In part I of this study a new dry coating analysis was developed relating pigment cluster voids and pigment particle distribution to the pigment cluster dispersion coefficient, C_q, and the critical pigment volume concentration (CPVC). Part II of this study has addressed a wet coating analysis to relate pigment particle size distribution and viscosity in a coating formulation to the pigment cluster dispersion coefficient.

This study introduced the relationships for the wet coating by building on the dry coating evaluations introduced in part I of this study. Part II of this study showed that the CPVC for a solvent based coating can be significantly influenced by a change in the viscosity measured interaction coefficient, σ, as influenced by a change in an additive such as the surfactant concentration in the matrix or polymer phase of the coating. The CPVC was also shown to be strongly influenced by a separate analysis of the pigment particle size distribution to modify the coating viscosity.

It was pointed out recently that an increase in flow additive increased the CPVC but decreased viscosity. Consequently, it was shown theoretically in this study that viscosities compared at the same relative viscosity, η/η₀, and at the same filler composition, f_i, using the generalized viscosity model would require decrease in the interaction coefficient, σ, to increase the global volume fraction of filler or pigment, Φ_F. This implied that a measurement of the interaction coefficient, σ, should be a direct measure of the ability of the CPVC to be modified. A minimum viscosity from the generalised viscosity model also resulted at the maximum packing fraction, which in turn was found to increase the CPVC of the coating. Consequently, part II of this study has yielded a useful relationship between the cluster dispersion coefficient, C_q, and the interaction coefficient, σ, from the generalised viscosity model.

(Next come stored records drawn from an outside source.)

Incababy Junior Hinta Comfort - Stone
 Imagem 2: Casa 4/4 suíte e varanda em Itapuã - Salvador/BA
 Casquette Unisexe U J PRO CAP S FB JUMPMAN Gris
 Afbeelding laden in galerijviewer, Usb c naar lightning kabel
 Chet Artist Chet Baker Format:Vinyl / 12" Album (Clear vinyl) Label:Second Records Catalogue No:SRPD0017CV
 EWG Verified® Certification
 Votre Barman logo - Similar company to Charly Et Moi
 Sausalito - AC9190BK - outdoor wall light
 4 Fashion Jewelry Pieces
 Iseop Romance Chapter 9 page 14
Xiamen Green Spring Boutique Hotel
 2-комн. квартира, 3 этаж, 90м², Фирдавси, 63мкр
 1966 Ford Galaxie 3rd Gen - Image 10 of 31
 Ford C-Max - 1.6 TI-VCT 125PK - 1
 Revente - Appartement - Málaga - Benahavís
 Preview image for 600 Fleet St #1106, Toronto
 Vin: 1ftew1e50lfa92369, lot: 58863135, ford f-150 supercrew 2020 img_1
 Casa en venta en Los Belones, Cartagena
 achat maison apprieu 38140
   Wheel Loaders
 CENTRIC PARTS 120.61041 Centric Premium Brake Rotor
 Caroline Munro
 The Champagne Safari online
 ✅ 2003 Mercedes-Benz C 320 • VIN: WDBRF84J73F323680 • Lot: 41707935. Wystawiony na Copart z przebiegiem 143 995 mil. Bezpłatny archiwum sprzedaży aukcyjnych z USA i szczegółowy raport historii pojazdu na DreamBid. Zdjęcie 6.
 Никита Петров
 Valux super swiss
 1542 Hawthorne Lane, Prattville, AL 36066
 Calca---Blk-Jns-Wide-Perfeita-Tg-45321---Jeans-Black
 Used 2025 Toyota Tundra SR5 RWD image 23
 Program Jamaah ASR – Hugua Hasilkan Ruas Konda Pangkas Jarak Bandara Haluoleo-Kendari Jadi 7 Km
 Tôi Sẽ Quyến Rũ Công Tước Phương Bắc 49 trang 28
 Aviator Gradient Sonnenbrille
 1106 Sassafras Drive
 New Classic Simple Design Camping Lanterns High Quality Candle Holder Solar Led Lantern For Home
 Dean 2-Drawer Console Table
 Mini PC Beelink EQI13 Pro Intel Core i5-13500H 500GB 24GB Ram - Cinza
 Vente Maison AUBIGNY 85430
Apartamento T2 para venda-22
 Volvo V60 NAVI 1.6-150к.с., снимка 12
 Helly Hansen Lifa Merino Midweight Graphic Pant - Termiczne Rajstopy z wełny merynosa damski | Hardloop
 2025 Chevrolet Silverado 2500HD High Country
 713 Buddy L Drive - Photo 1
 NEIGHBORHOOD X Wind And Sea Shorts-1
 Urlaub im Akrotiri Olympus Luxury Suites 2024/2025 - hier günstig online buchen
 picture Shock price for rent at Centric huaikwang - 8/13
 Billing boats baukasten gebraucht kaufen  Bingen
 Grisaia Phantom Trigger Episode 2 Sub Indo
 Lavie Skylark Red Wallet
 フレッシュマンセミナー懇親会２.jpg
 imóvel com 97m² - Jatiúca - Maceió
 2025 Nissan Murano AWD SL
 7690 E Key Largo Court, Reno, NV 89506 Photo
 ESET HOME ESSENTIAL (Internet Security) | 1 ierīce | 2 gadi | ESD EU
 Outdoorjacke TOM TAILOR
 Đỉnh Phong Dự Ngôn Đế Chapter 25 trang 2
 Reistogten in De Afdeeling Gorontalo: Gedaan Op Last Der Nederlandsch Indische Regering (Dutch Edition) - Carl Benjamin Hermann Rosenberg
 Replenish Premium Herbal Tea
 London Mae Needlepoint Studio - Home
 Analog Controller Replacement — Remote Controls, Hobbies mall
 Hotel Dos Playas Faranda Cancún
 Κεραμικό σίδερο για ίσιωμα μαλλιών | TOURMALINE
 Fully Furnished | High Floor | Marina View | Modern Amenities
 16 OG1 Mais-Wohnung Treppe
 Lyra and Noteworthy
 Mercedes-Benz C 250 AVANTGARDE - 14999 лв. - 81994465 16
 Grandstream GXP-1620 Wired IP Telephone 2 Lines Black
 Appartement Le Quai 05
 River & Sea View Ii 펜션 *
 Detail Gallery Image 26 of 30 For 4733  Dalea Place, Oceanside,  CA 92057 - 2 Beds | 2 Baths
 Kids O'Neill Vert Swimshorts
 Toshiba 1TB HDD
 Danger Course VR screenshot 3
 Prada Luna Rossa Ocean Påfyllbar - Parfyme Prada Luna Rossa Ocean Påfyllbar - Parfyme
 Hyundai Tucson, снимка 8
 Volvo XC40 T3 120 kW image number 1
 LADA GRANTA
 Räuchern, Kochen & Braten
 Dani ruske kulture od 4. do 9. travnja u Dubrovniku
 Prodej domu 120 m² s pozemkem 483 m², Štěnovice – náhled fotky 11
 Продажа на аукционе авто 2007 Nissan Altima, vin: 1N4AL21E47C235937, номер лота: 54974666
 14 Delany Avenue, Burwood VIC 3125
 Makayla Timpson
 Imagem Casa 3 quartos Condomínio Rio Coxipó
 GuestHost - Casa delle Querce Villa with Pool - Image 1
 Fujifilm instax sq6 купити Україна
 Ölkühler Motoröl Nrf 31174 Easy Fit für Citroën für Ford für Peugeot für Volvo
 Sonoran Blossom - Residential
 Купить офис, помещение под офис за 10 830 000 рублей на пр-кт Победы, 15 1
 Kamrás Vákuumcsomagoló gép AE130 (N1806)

While the experimental measurement of the parameters to isolate the clustering concepts introduced in this study may be difficult, it is expected that better quantitative measurement of clustering concepts will eventually prove to be very beneficial to providing improved suspension applications including coatings. The close relationship introduced in this study between clustering concepts and viscosity should provide an improved ability to measure the parameters to isolate clustering in coatings and other suspension applications.

The theoretical relationship developed in this study between the pigment cluster dispersion coefficient, C_q, and CPVC and the theoretical and experimental relationship between CPVC and the viscosity interaction coefficient, σ, inferred a direct relationship between C_q and the viscosity interaction coefficient, σ. Consequently, it was shown that the theoretical pigment cluster model developed in this study could be directly related to the experimental matrix additive composition controlling viscosity in a coating formulation. The practical implication is that the measurement tools introduced in this study should significantly influence future suspension formulations to provide better measurement and control of clustering and viscosity in coatings and other suspension applications.

Part II of this study has shown how a useful relationship can be generated between the interaction coefficient, σ, from the generalised viscosity model and the pigment cluster dispersion coefficient, C_q, developed in part I of this study. In addition, this study also showed that effective control of the CPVC of a coating can be modified by judicious control of the interaction coefficient using pigment particle size distribution and/or viscosity control additives in a wet coating analysis.